First, you need to specify the user for which you want to generate the key. You can either enter the username of the user or input self
if you are generating a key for yourself:
self
. Supervisor user accounts can create API keys for non-staff user accounts within their company.Next, enter any desired restrictions or click "OK" to continue:
You will then receive a 64-character API key that you can use to authenticate your API calls:
The API key consists of two parts. The first 32 characters are your public key that display on the main API page, while the second 32 characters are your private key that will never be listed anywhere. In order to make API calls, the full 64 characters must be passed through.
Note: Be sure to copy the full key and keep it in a safe place. Do not share this key with anyone. The API key logs and represents your user when making API calls, so anyone who has it can access projects as if they were you.
Once you grab your API key, your user will be added to the list of available keys on the main API page.
This page will display only your public key, so you won’t be able to grab the full key from this page. If you no longer have your full key, you have the option to generate a new key by clicking the "rekey" option. You also have the option to delete the API key for your user, if you no longer wish to use it.
2: API Call Permissions
The API key will allow you to execute only the API's that your user account has permissions to run. For example, if a certain user has "View Only" access to a project, they will not be able to access a 'Data Edit' API call. Likewise, if a user is not a Supervisor, they will not be able to execute an API call to retrieve a list of all users for a company.
While a user with a valid key will be able to execute any API call, if they attempt to execute a call they do not have permission to run, they will receive a "403 INVALID AUTHORIZATION" error code instead of the expected result.
The following is an example of the '403' error code response:
curl --header 'x-apikey: 6xd513ar9uvh4vw05de41dkc08h60c6xp6xj4eb3ma7hkdenejcp3ghxkwrmr8se' ‘https://emea.focusvision.com/api/v1/rh/users’ { "$error": "you cannot do this", "$code": 403, "extra": null }
Note: See Create and Manage Users to learn more about user permissions within Forsta Surveys.
3: Accessing the API
3.1: From a Linux System
3.1.1: Installing the API Python package
To access the API, you will first need to download and install the Forsta Surveys API Python Library package. For users with their own private cloud servers, the API Python library is installed by default, and can be accessed via the shell.

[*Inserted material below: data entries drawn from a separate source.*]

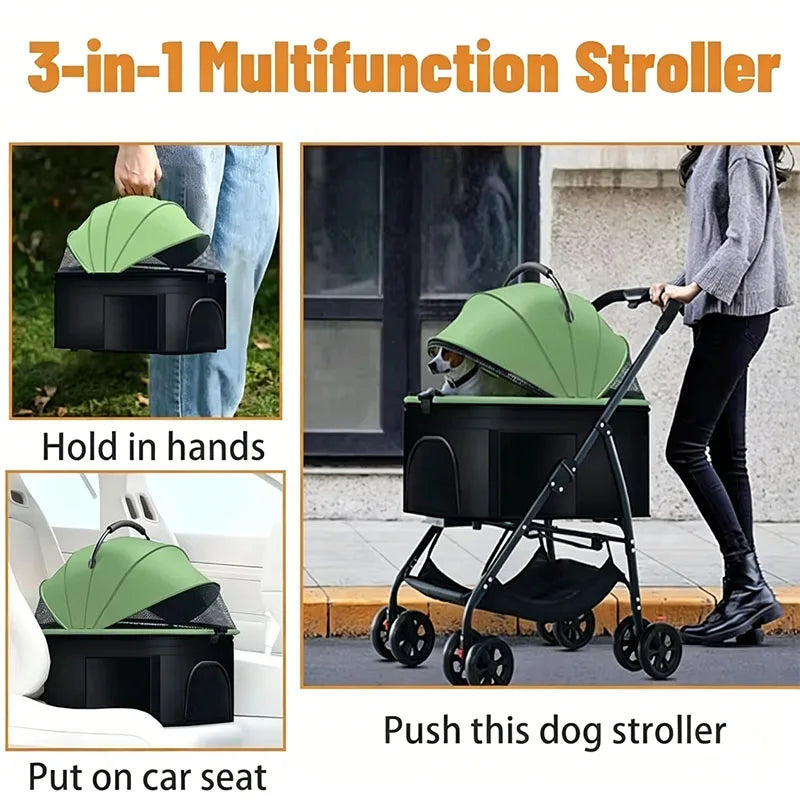 3-in-1 Foldable Pet Stroller & Carrier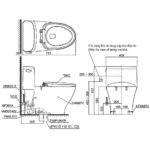 Bồn cầu TOTO MS887CRW17#XW 1 khối (Giấu dây), nắp điện tử Washlet TCF23460AAA C2, xả gạt - Ảnh 12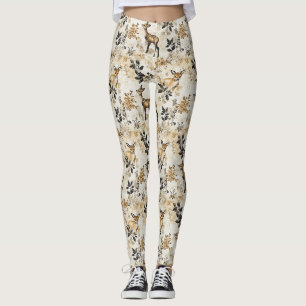 Vintage Woodland Deer Pattern Leggings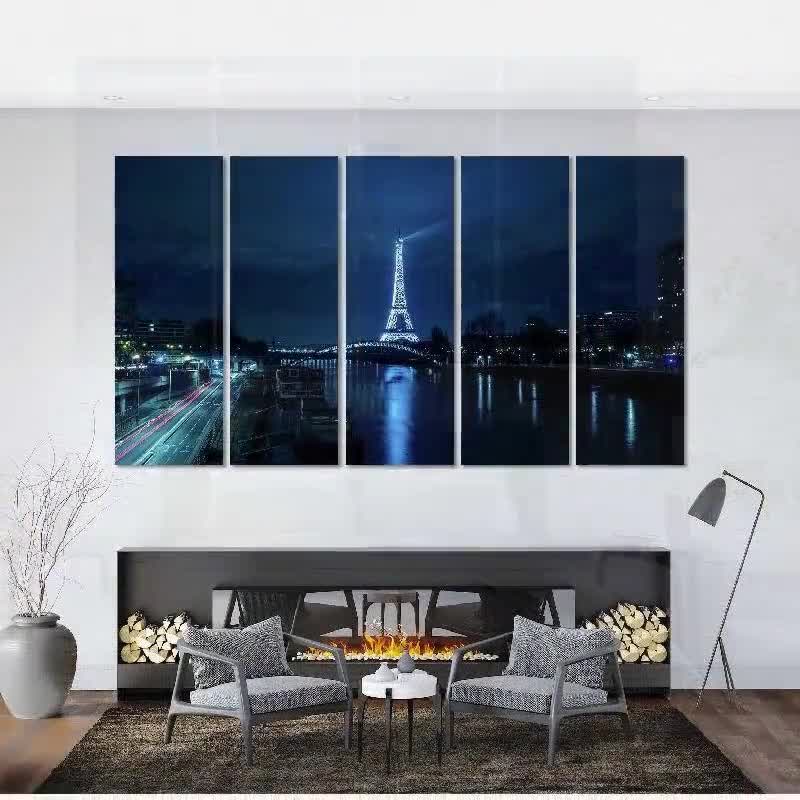 Paris Night City Printing Canvas Sets, Eiffel Tower Large Wall Decor,  France Travel Original Art, Paris Popular City Painting Deco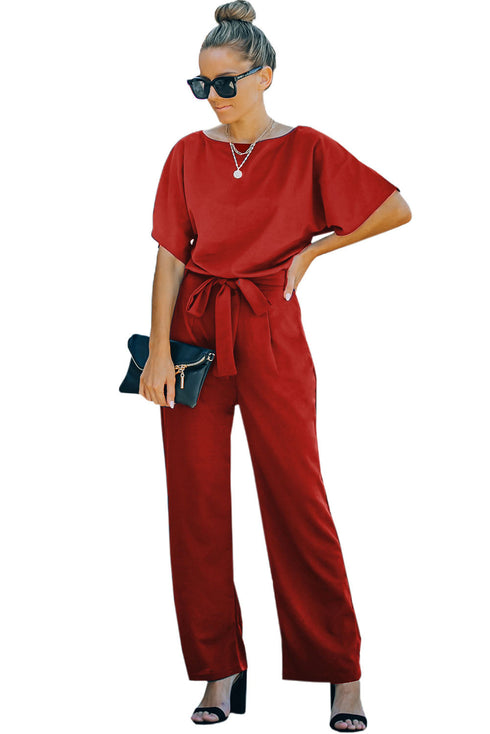 Minimalist Solid Belted Wide Leg Jumpsuit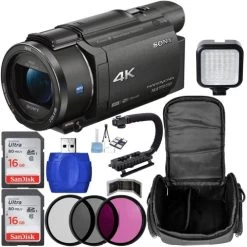 Sony FDR-AX53 4K Ultra HD Handycam Camcorder Bundle With Carrying Case And Accessory Kit - US Version W/ Seller Warranty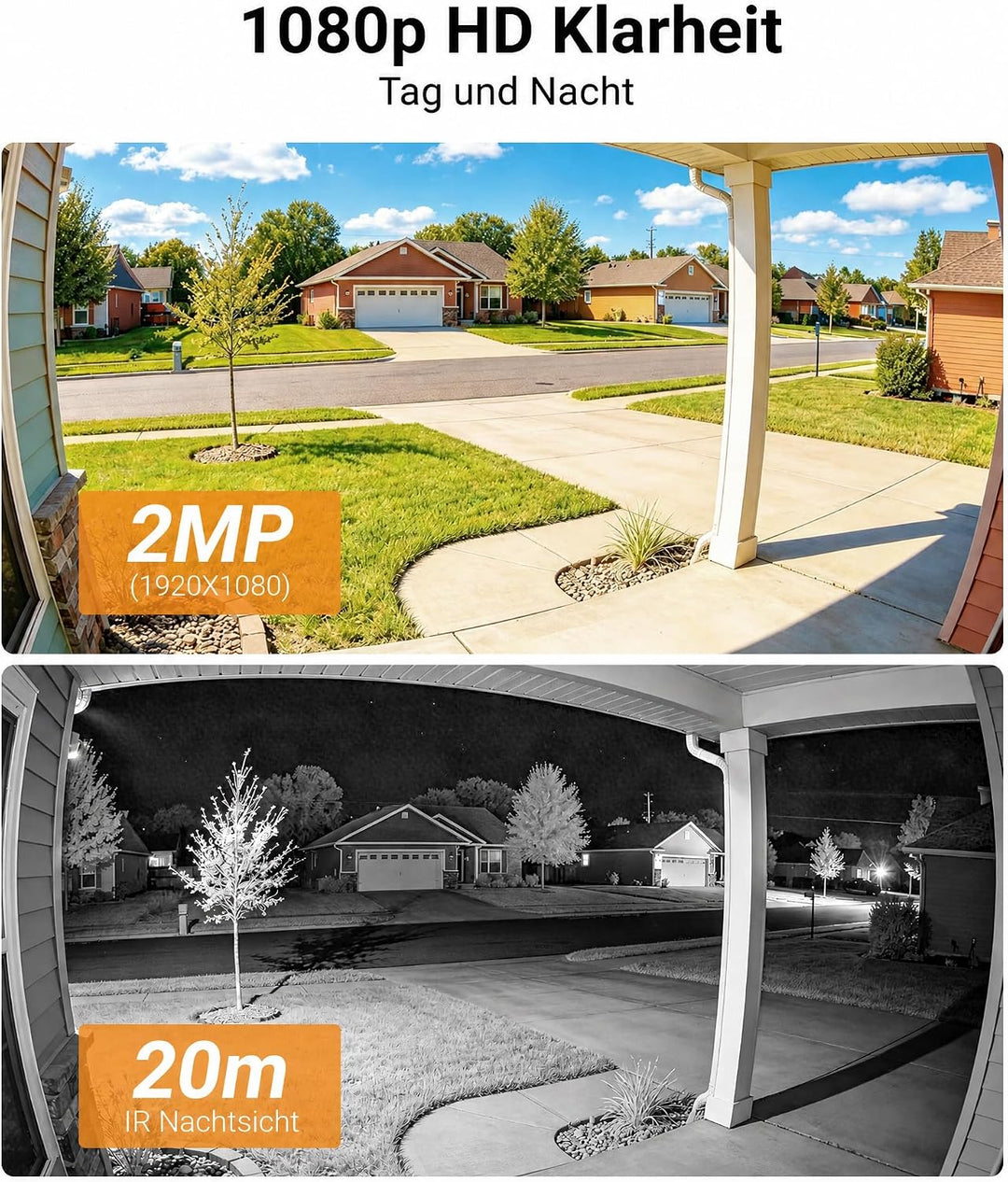 Anlapus 2MP 1080P PTZ Überwachungskamera Aussen Set mit Audio Kabelgebunden | 8CH DVR ohne HDD, 4X 3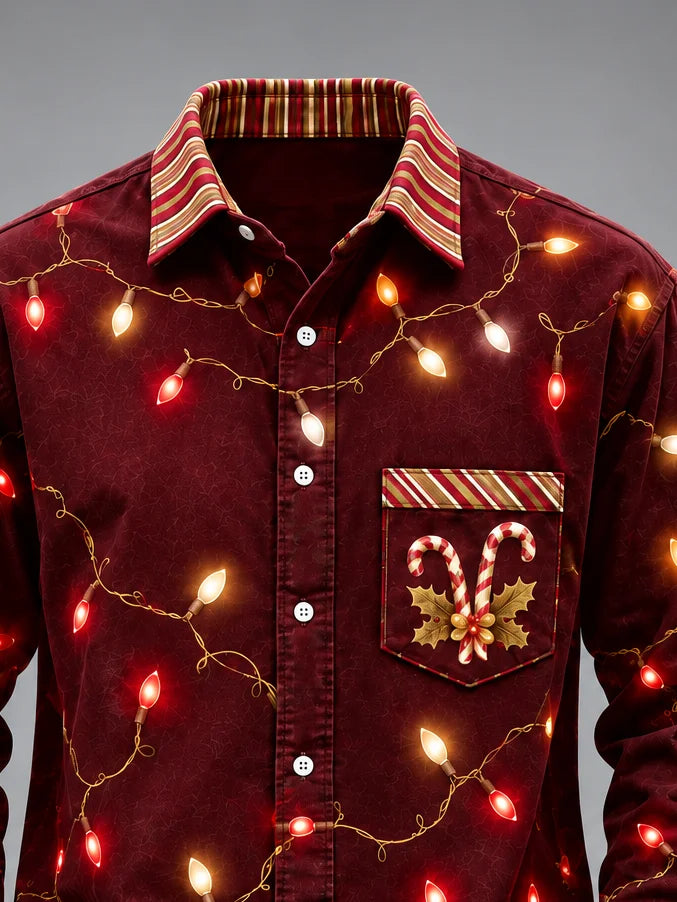 Moisture-Wicking Christmas Lights & Candy Cane Chest Pocket  Long-Sleeve Casual Shirt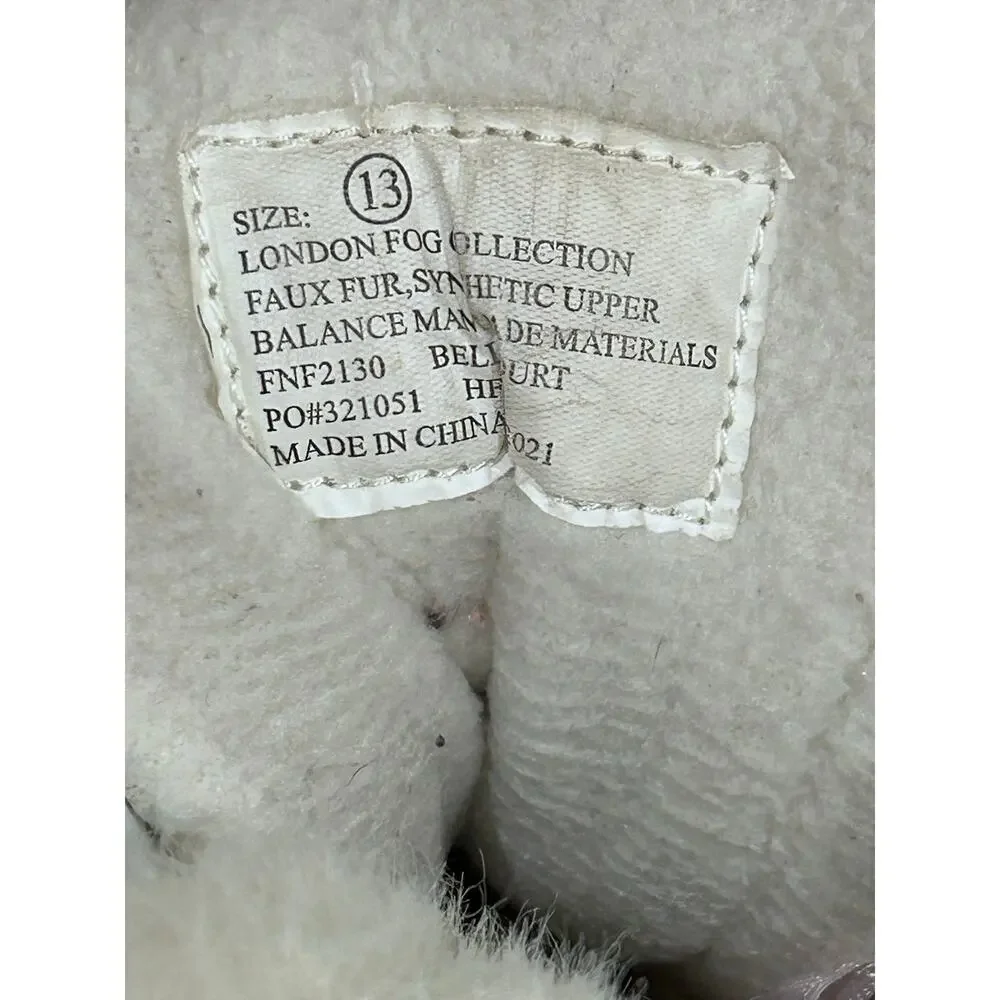 London Fog Pink Insulated Waterproof Duck Winter Boots Girl 13 Faux Fur Snow Ski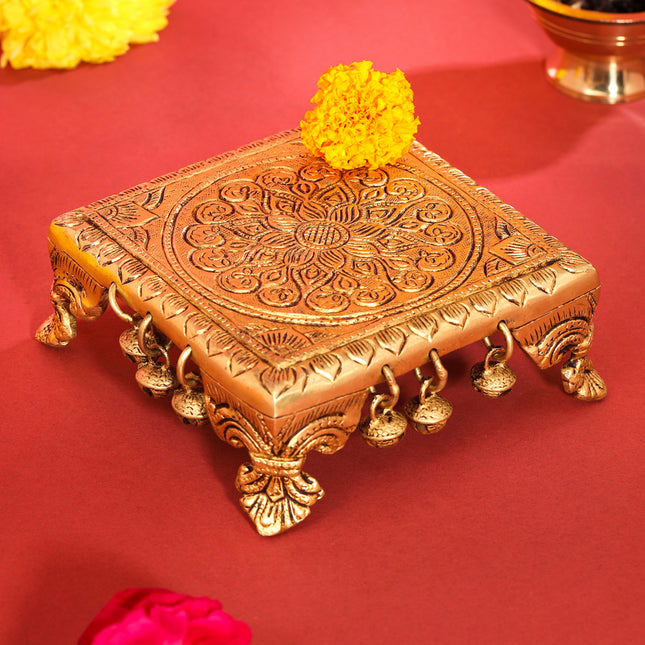Brass Chowki With Bells (2.2 Inch)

If you are accessing the API via some other Linux system, you can install the Forsta Surveys API Python library using the following command:
sudo pip install decipher
This Python library includes a script named "beacon
" that can run from the command line and is used to easily connect with the API.
Once the library is installed, you can type beacon
into your command line to view its usage details:
user@domain:~$ beacon Usage: beacon [options] <verb> <resource> [arg=value...] Verb is one of: get -- list resources post -- create new resource put -- update existing resource delete -- delete or retire existing resource login -- interactively define an API key and host rekey -- rekey your current secret key and update the config file Extra arguments are decoded as JSON objects/arrays if they start with { or [ Options: -v verbose (show headers sent & received)) -t display output as an aligned text table -x display output as IBM JSON XML -p display Python code required to make the call -s <section> use a different section in the /home/user/.config/decipher file than 'main' -V <version> use a different API version
3.1.2: Authentication and Authorization
The Forsta Surveys API will only respond to authorized users. To become authorized, you must first generate an API key that will be authenticated by the system.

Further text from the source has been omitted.